Exercise instructions = Only those lines in the data below from the line containing "Live Edge Floating" through the line containing "Wanderings A5 Leather", both included, should be restated word for word.

Dataset extract =
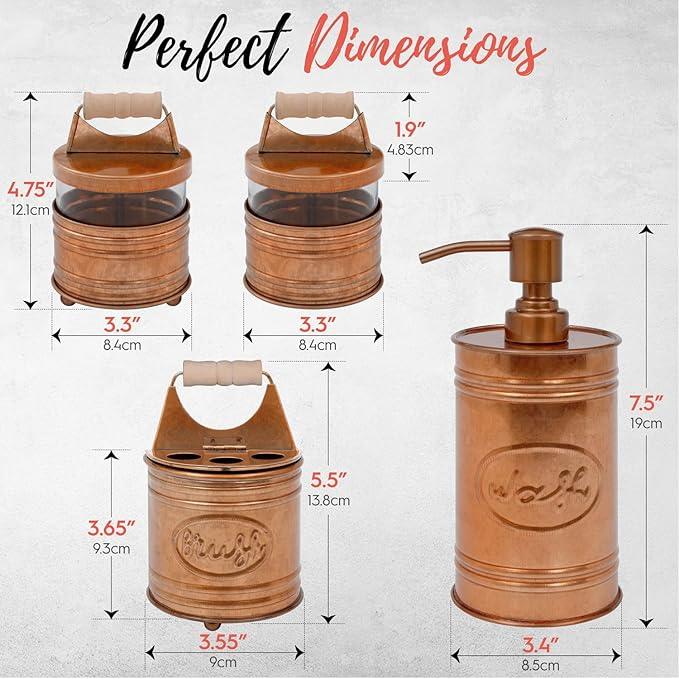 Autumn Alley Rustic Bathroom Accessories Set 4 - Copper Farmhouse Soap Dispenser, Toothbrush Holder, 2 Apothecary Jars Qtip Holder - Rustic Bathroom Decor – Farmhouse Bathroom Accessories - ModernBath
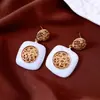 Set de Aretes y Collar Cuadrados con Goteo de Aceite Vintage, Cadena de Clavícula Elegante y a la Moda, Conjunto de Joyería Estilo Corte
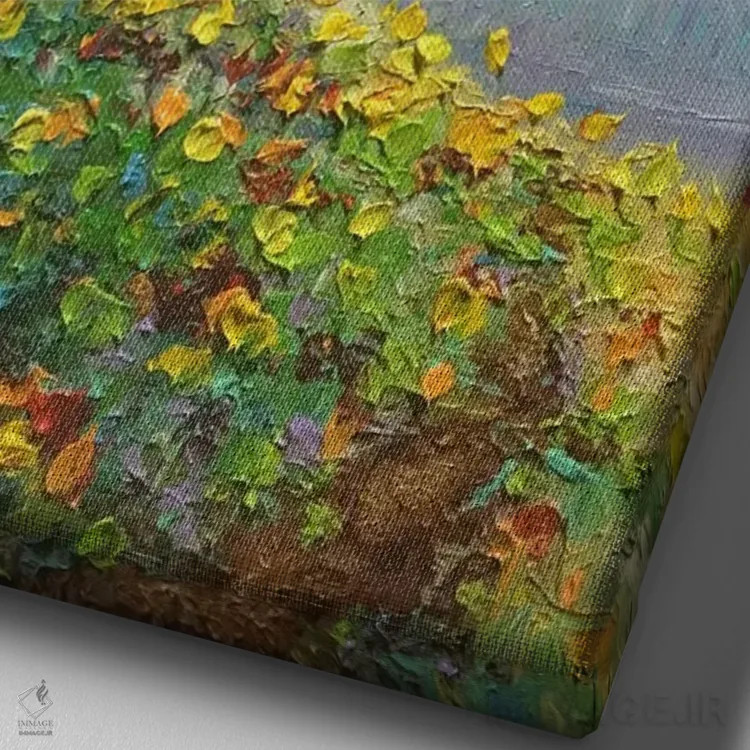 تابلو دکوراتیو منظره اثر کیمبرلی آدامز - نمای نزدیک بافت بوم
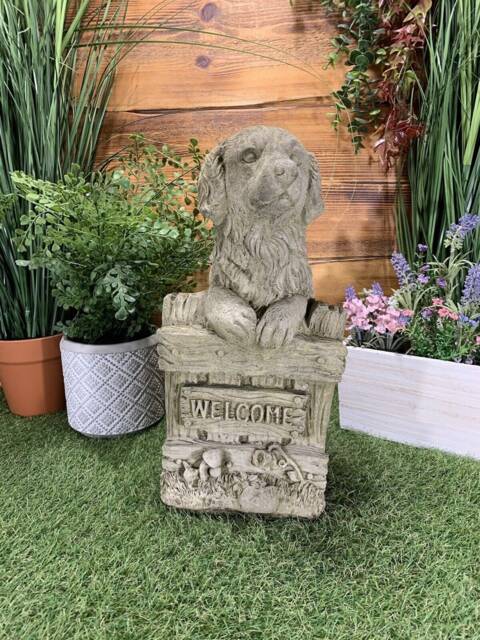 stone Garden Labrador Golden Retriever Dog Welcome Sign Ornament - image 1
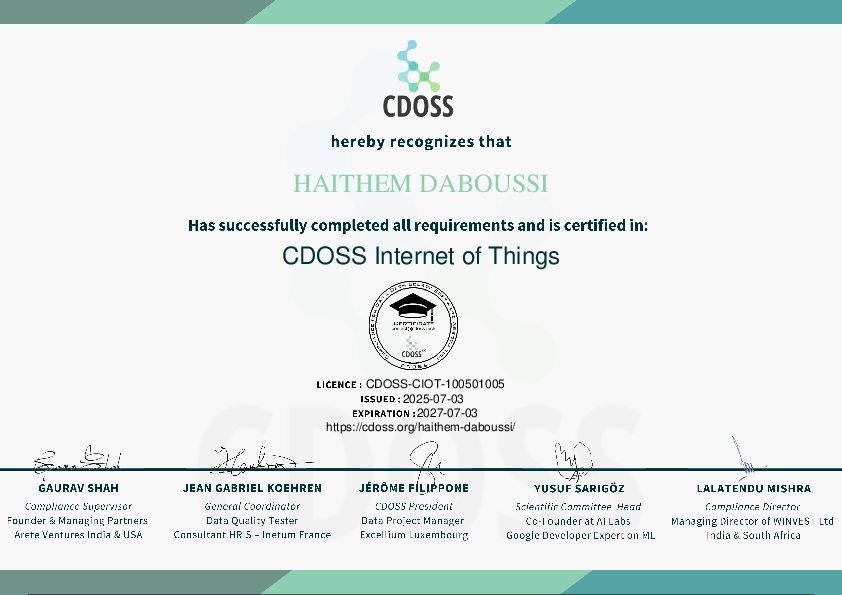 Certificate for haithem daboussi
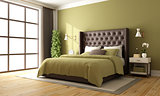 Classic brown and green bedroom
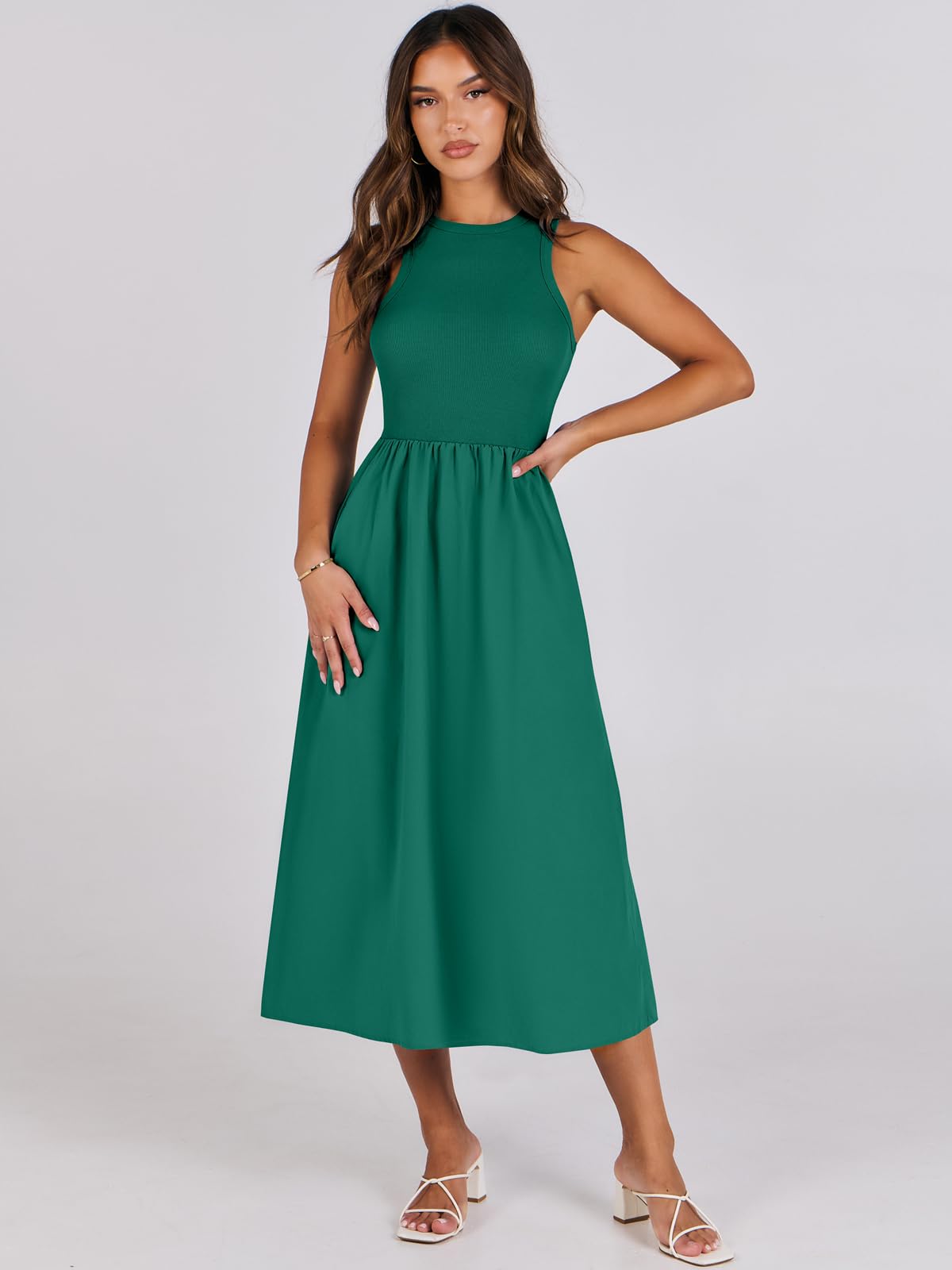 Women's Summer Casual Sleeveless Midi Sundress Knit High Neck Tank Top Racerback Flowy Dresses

* * *

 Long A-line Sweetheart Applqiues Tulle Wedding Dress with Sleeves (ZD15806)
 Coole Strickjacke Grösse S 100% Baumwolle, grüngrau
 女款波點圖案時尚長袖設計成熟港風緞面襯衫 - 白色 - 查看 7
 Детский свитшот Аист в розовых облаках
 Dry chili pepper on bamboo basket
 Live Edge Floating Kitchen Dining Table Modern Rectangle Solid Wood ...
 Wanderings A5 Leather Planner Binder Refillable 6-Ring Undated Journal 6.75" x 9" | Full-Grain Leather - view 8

==

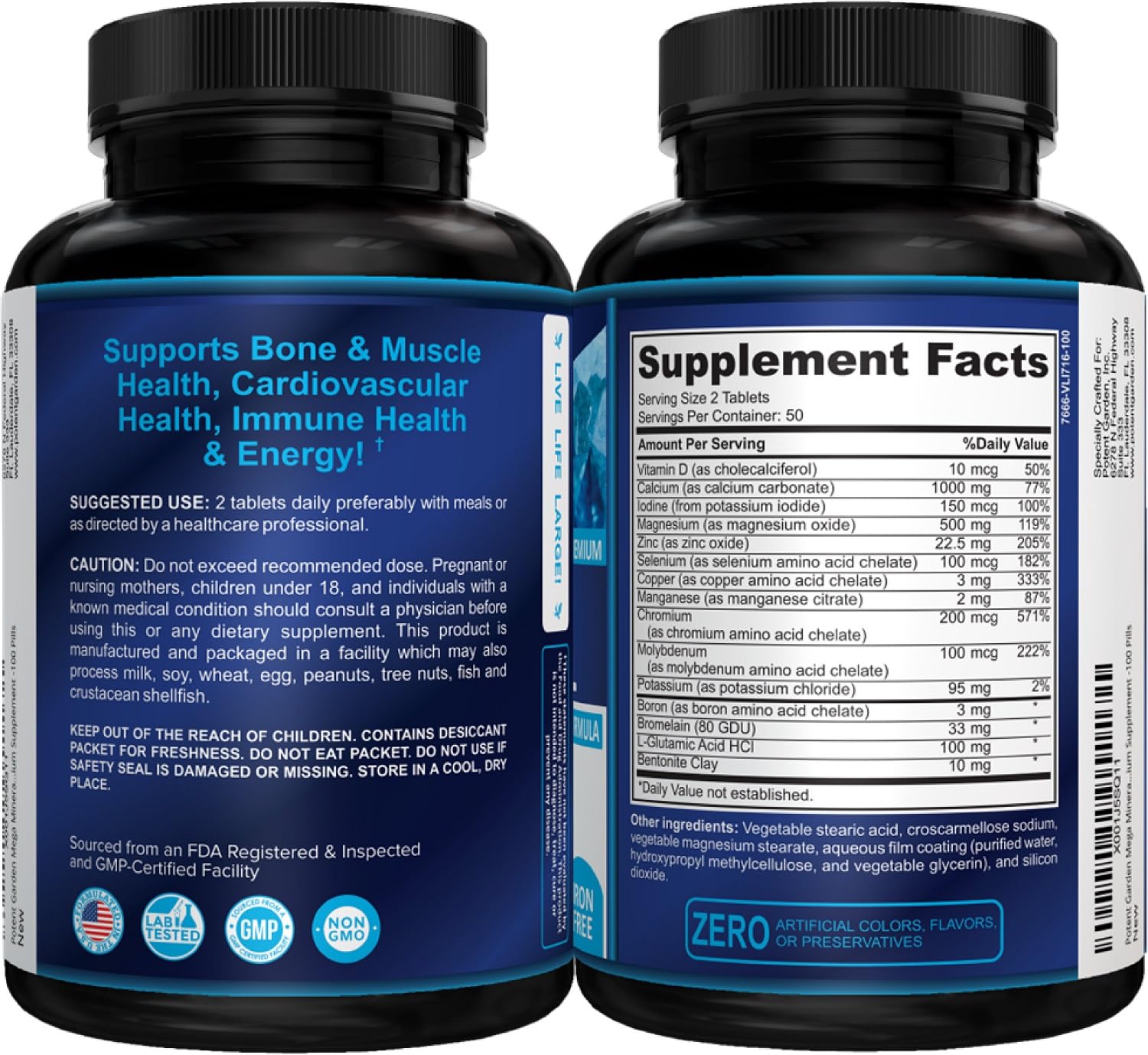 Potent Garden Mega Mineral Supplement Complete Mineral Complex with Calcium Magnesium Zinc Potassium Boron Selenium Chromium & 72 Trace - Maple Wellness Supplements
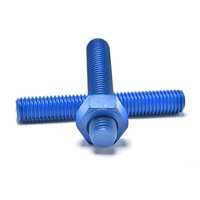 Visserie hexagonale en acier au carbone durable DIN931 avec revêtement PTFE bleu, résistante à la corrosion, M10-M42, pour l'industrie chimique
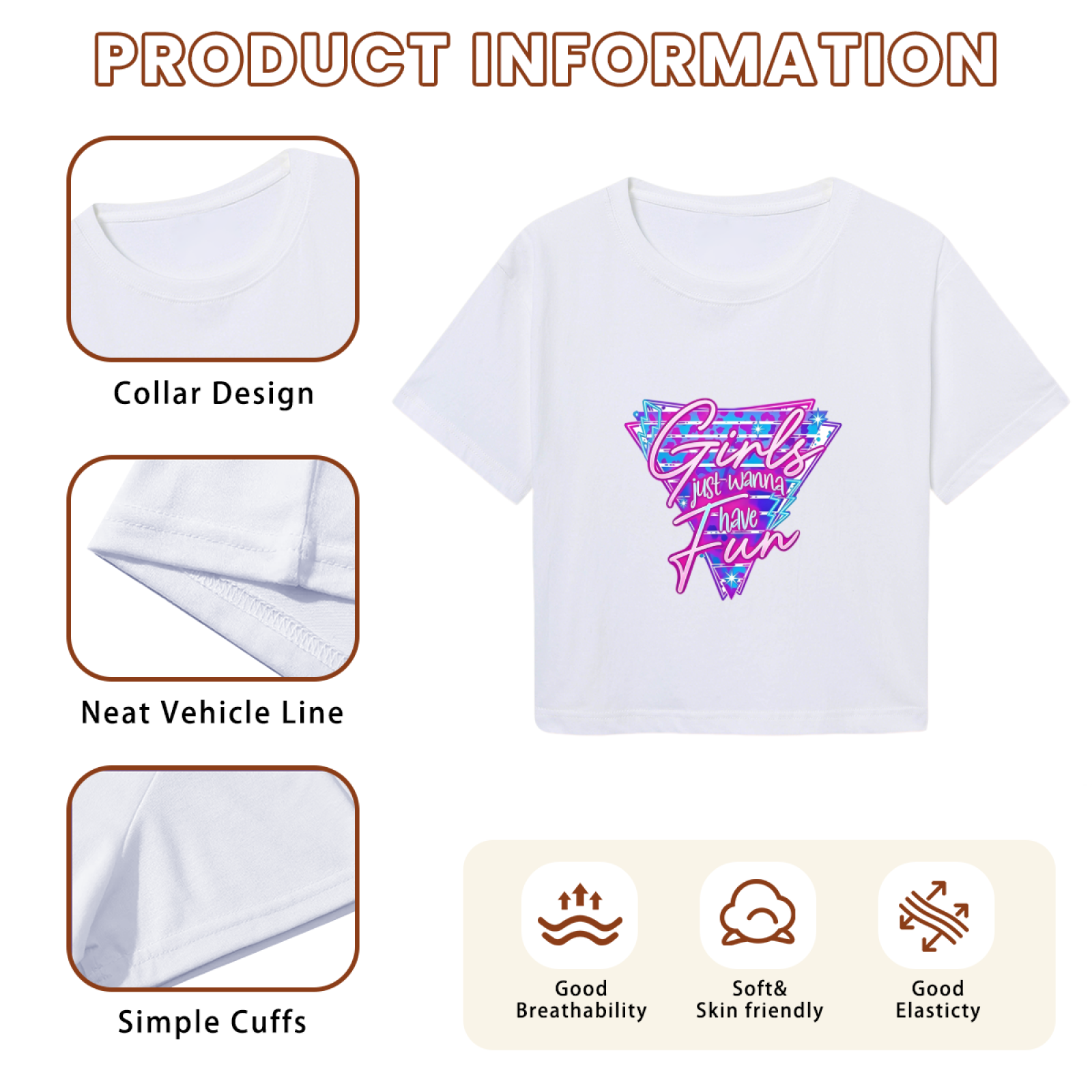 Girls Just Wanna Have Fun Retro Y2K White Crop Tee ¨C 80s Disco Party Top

Finished task =
 Live Edge Floating Kitchen Dining Table Modern Rectangle Solid Wood ...
 Wanderings A5 Leather Planner Binder Refillable 6-Ring Undated Journal 6.75" x 9" | Full-Grain Leather - view 8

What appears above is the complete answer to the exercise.